[Task instructions]:
Quote word for word from the line holding "Hotel Villa Malaspina" to the last line below, including both, and omit any pictures.

=======

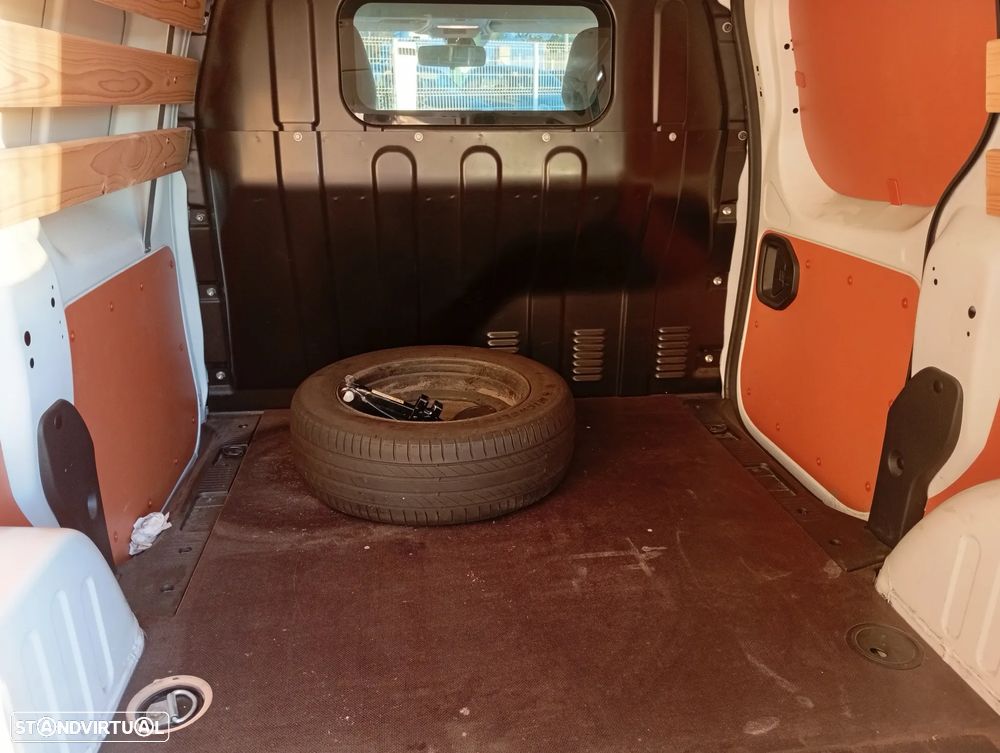 Renault Expresso 1.5 DCI - 12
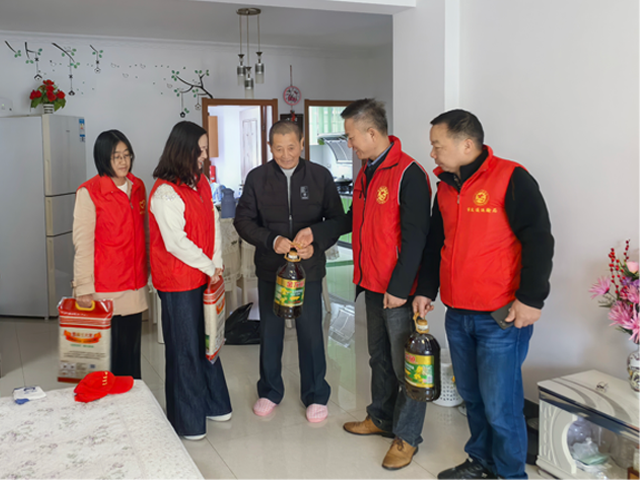 “池舟”载温情 海事暖夕阳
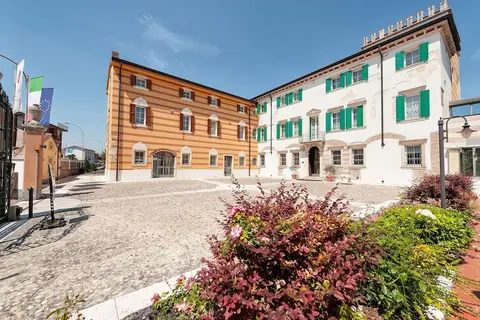 Hotel Villa Malaspina in Castel d'Azzano — foto 14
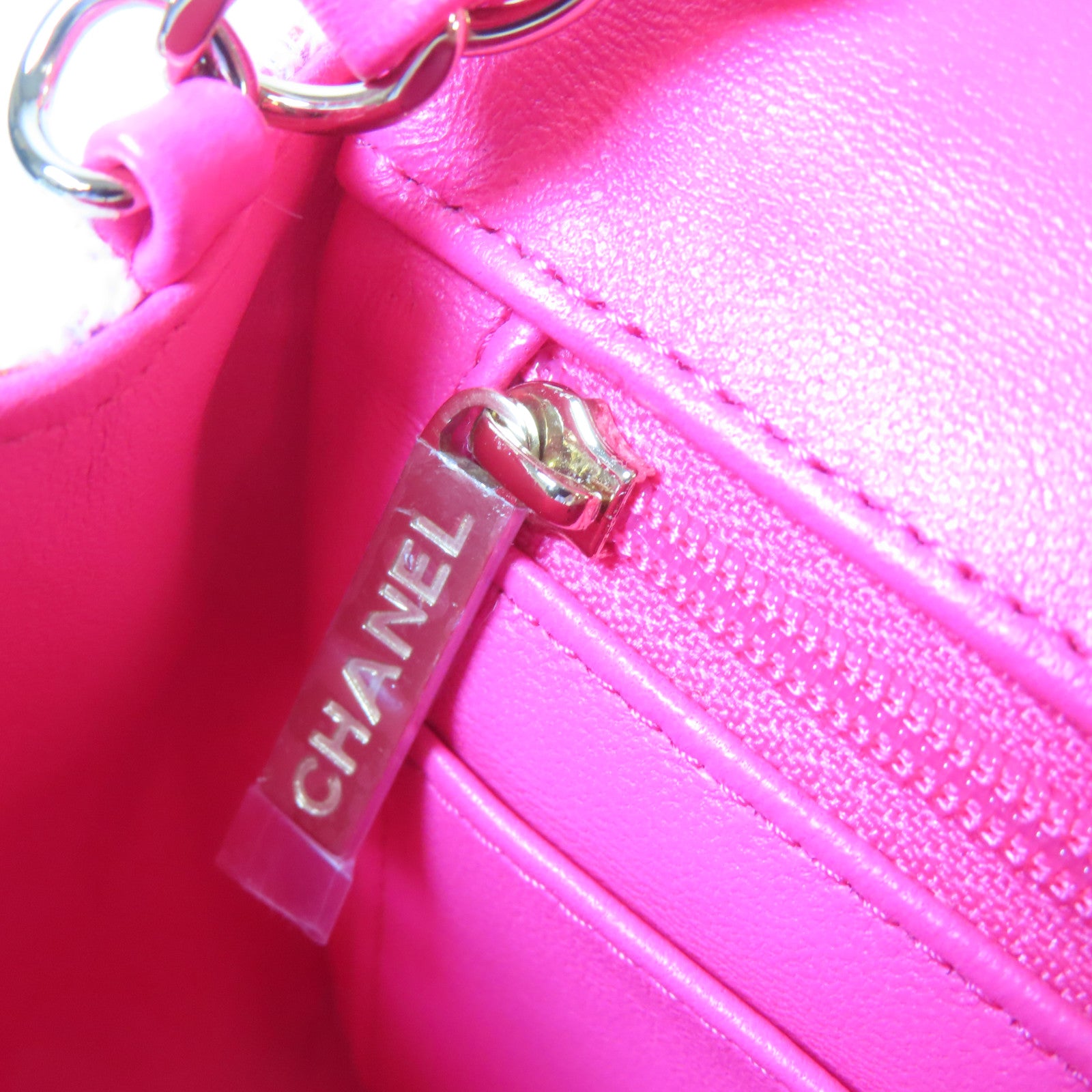 CHANEL 菱格斜紋軟呢Classic Flap 20cm金扣鏈帶肩背袋白色/粉紅色/黃色/淺藍色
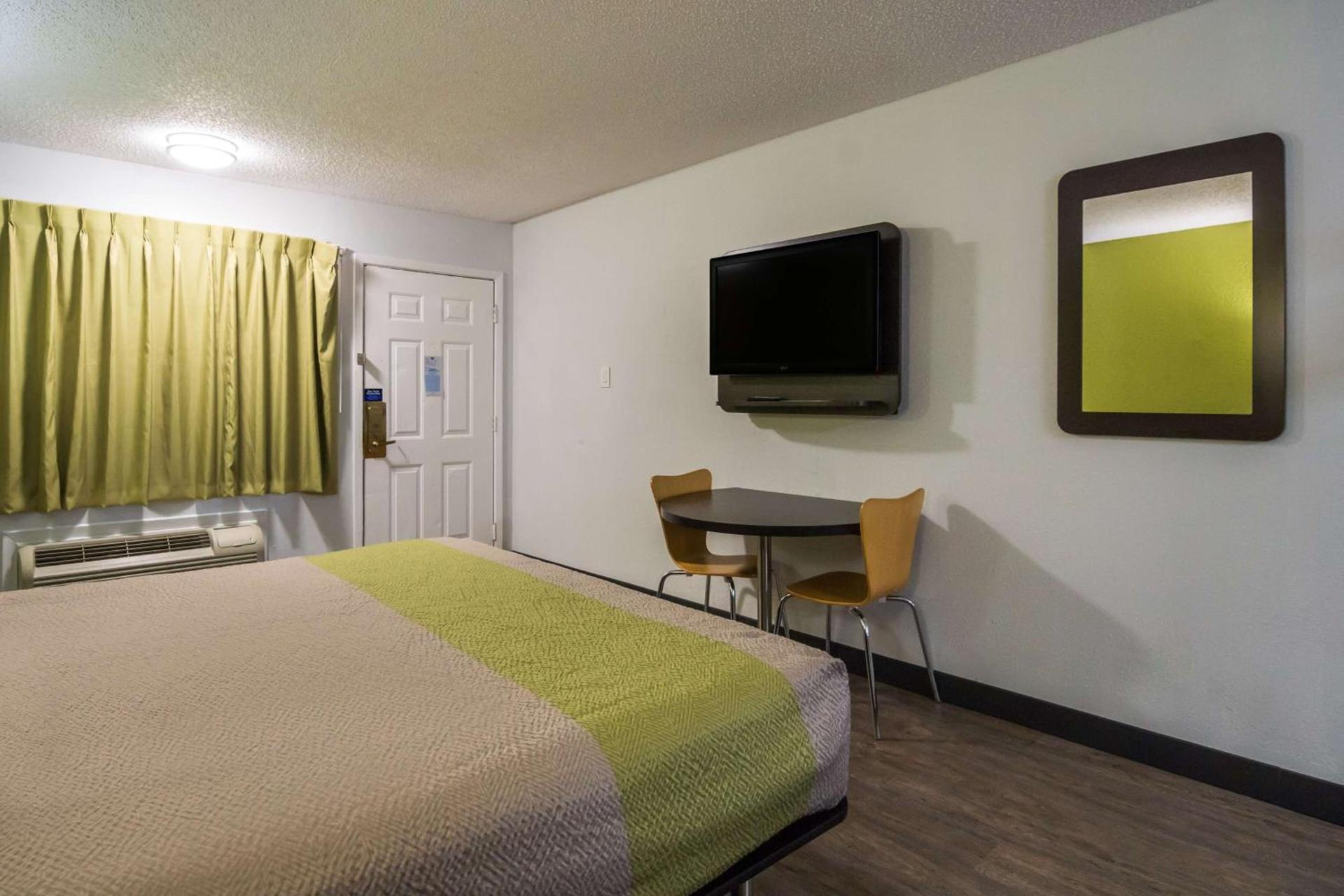 Motel 6 Irving - Loop 12 photo 17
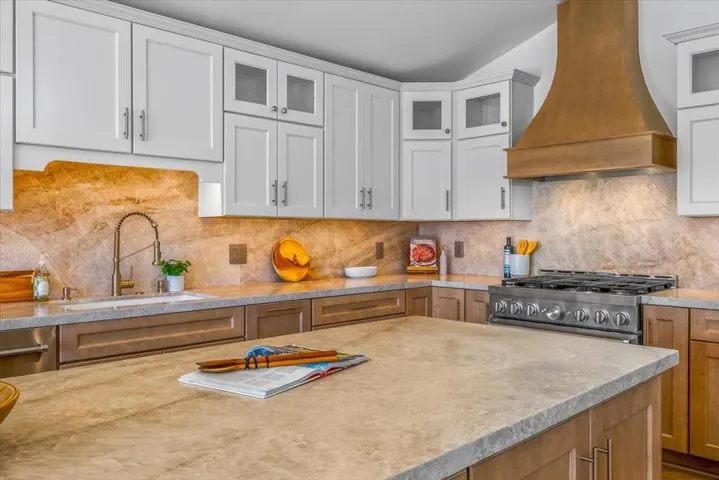 2828 Forest Hill Boulevard, Pacific Grove, California 93950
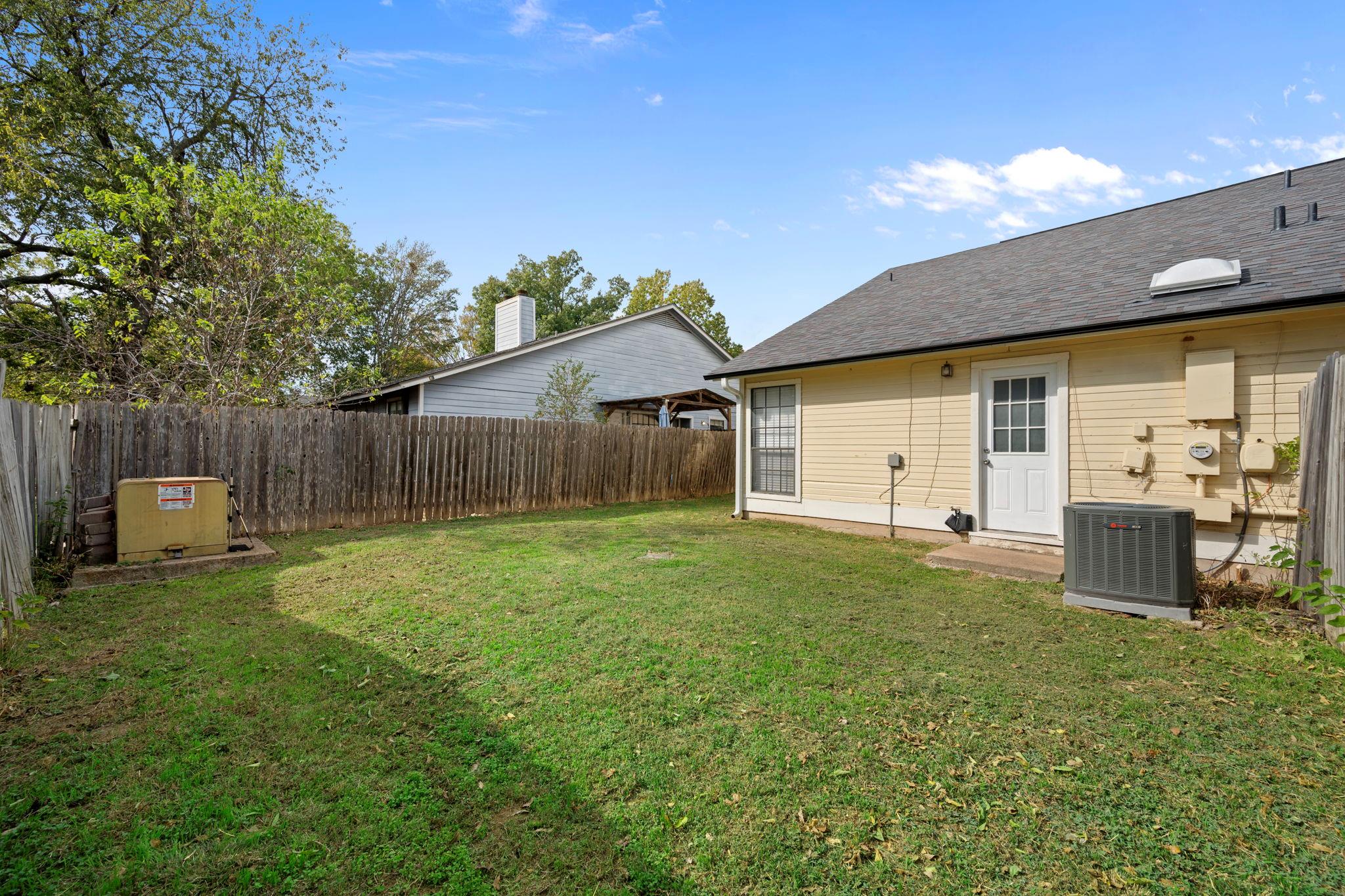 8807 Cainwood Ln, Austin, TX 78729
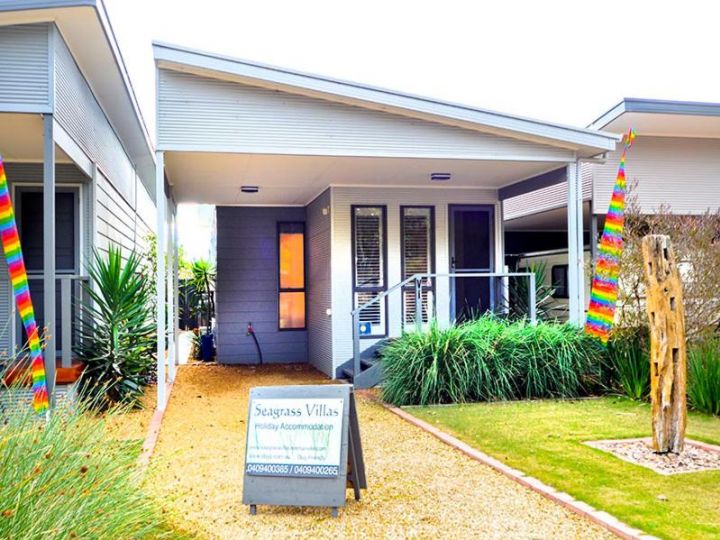 Seagrass Villas dogs by negotiation Bed and breakfast, Normanville - imaginea 8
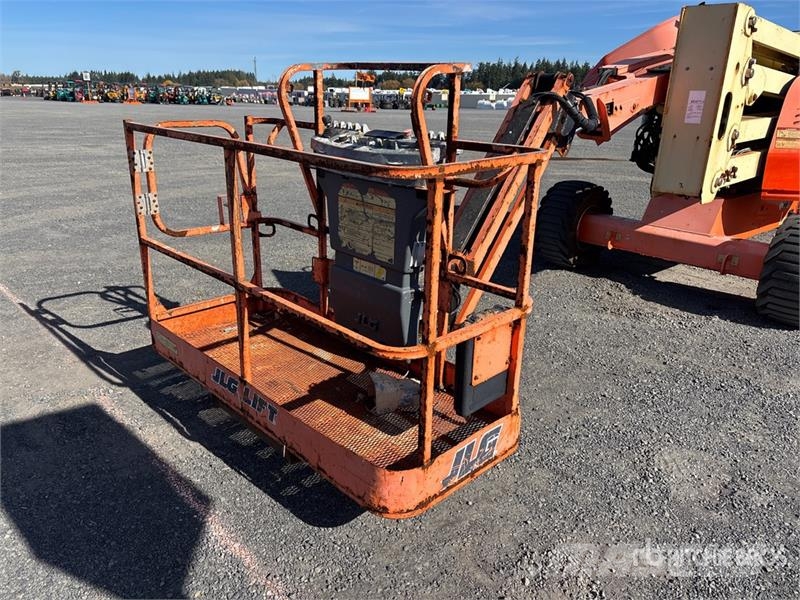 JLG 450AJ 4WD Diesel Articulating Boom Lift 曲臂高空作業車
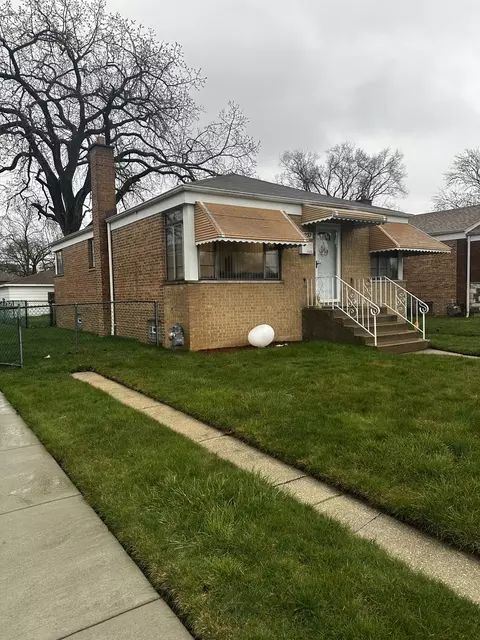 14237 Dobson Ave, Dolton, IL 60419 photo 2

=======

[Result below]:
 Hotel Villa Malaspina in Castel d'Azzano — foto 14
 CHANEL 菱格斜紋軟呢Classic Flap 20cm金扣鏈帶肩背袋白色/粉紅色/黃色/淺藍色
 Motel 6 Irving - Loop 12 photo 17
 2828 Forest Hill Boulevard, Pacific Grove, California 93950
 8807 Cainwood Ln, Austin, TX 78729
 Seagrass Villas dogs by negotiation Bed and breakfast, Normanville - imaginea 8
 JLG 450AJ 4WD Diesel Articulating Boom Lift 曲臂高空作業車
 14237 Dobson Ave, Dolton, IL 60419 photo 2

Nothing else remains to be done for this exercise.